Later at a press briefing, John Cotton Richmond, Ambassador-at-large to Monitor and Combat Trafficking in Persons, drew a line of demarcation between Human Smuggling and Human Trafficking when asked about the Kaur death case.
Defining Human smuggling, the Ambassador called it “a crime of movement; it’s a crime that violates the integrity of a country’s borders. It can be done voluntarily or involuntarily.”
And then distinguishing it from human trafficking, the Ambassador said, “Human trafficking is a crime against someone’s fundamental rights to be free. It’s a crime not about movement but about coercion, and it’s always involuntary. And I think it’s important for us to keep a clear line of distinction between what human smuggling is and what human trafficking is. Obviously in any individual case there may be some overlap. We may have a smuggling offense and a trafficking offense, but they’re not coextensive.”
Two US based organizations, South Asian Americans Leading Together (SAALT) and Sikh American Legal Defense and Education Fund (SALDEF), are calling for a probe into the death and blamed the broken US immigration system.
SALDEF Executive Director Kiran Kaur Gill said, “We have been working to ensure Sikh asylum seekers receive fair and humane treatment in the asylum process and are ensured the appropriate religious accommodation afforded to all under our laws.
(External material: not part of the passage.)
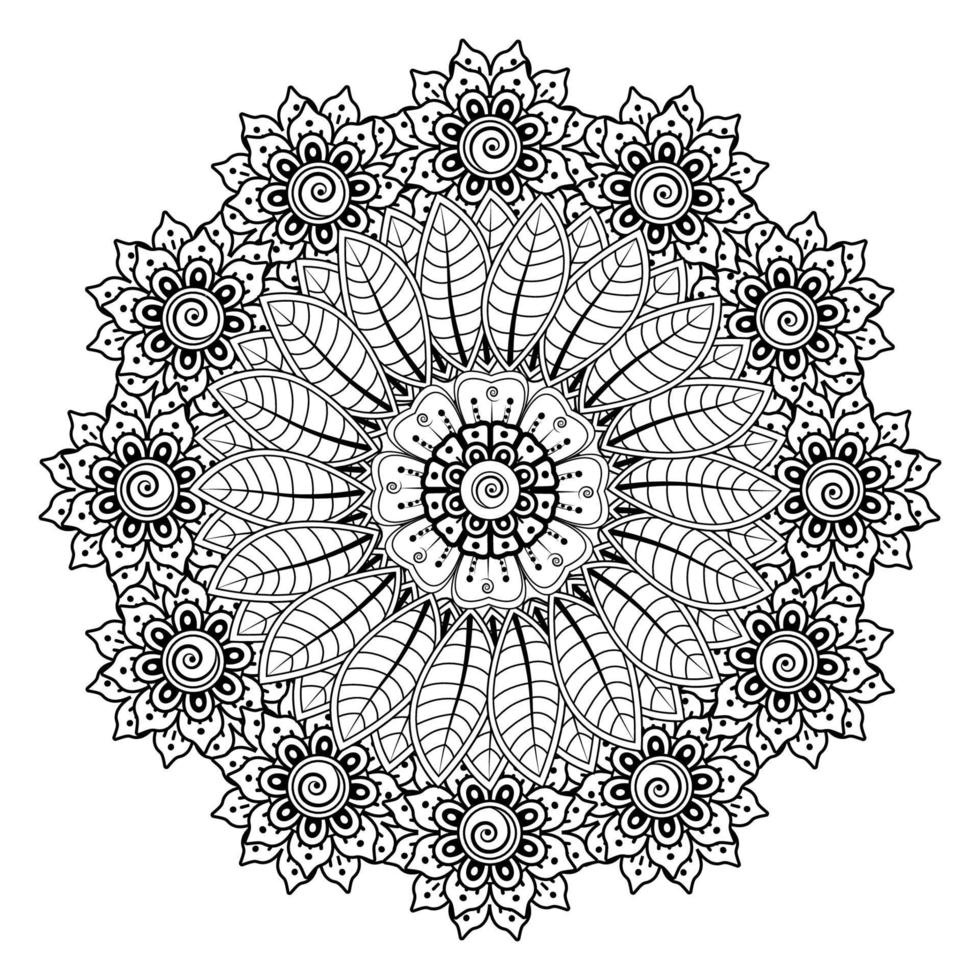 kreisförmiges Muster in Form von Mandala für Henna, Mehndi, Tätowierung, Dekoration. dekoratives Ornament im ethnisch-orientalischen Stil. Malbuchseite. vektor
We encourage the community to stay engaged on this issue.”
Echoing the SALDEF point of view, Lakshmi Sridaran, Interim Co-Executive Director of SAALT said, “US border militarization, forced migration, and rejection of migrants attempting to cross at ports of entry have created an environment where a child like Gurupreet, can die in the desert, alone.”
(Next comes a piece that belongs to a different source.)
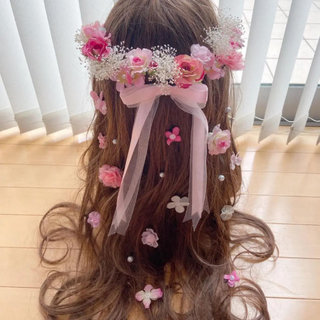 ラプンツェルハーフアップ髪飾り♡ピンク ヘッドドレス(ヘッドドレス/ドレス)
But there were strong points of view against the human smugglers, and risking lives of children by their parents and relatives, plus the US organizations with vested interests trying to keep their business going by preying on gullible people.
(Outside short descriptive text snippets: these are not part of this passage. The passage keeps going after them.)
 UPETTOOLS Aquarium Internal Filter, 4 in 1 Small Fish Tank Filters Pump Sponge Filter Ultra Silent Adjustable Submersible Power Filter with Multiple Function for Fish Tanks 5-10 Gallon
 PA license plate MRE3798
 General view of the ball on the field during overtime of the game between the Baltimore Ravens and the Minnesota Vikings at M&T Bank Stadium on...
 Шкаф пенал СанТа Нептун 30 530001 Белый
Reacting to the reports, Jesse Singh, Chairman, Sikhs of America told IAT in a statement: “The tragic death of 6-year-old Gurupreet Kaur in the Arizona desert, just a month before her seventh birthday, is heart-breaking to the family, friends and the community. Our heart-felt sympathies are with the affected people.”
Addressing the people in India especially the Northern Indian State of Punjab where the young Kaur hailed from, Singh issued a caution: “This tragedy is a stark reminder to all in Punjab and other parts of India – to refrain from making such desperate illegal attempts to enter the US.”
Calling upon the Indian authorities, Singh added, “We call upon the Indian Embassy to relay to the Indian Federal Government and state government in Punjab to give it as much coverage as possible, and educate the population about the dangers of illegal crossings into the US. The governments there also must crack down on human smuggling rings and unscrupulous agents who are exploiting people for monetary gain.”
Lambasting the US based organizations who are attacking the US in migration and border control systems, Singh said, “These organizations are running fear shops and making money from the American Sikh community. They should neither sensationalize nor politicize these to make money from the community, and instead address the real issues. The government of India, and especially Punjab, should try to put these human smuggling agents out of business.”
Ravi Batra, prominent Indian American attorney and Chairman of National Advisory Council on South Asian Affairs, and former member of NYS Joint Commission on Public Ethics reacted with shock and dismay telling IAT in a statement, “Heart wrenching story of an innocent 6 year old dying from extreme heat. That her adult parent(s) made the conscious choice to enter the attractive not-so-porous Southern Border of the United States hiring human traffickers is criminally negligent.”
Batra added, “We need to put the traffickers out of business, and once the Indian Embassy has gained article 36 VCCR access, perhaps they can secure a discharge from custody and arrange a safe return to India. Anything else will continue the Hobson’s Choice for both these persons and the United States.”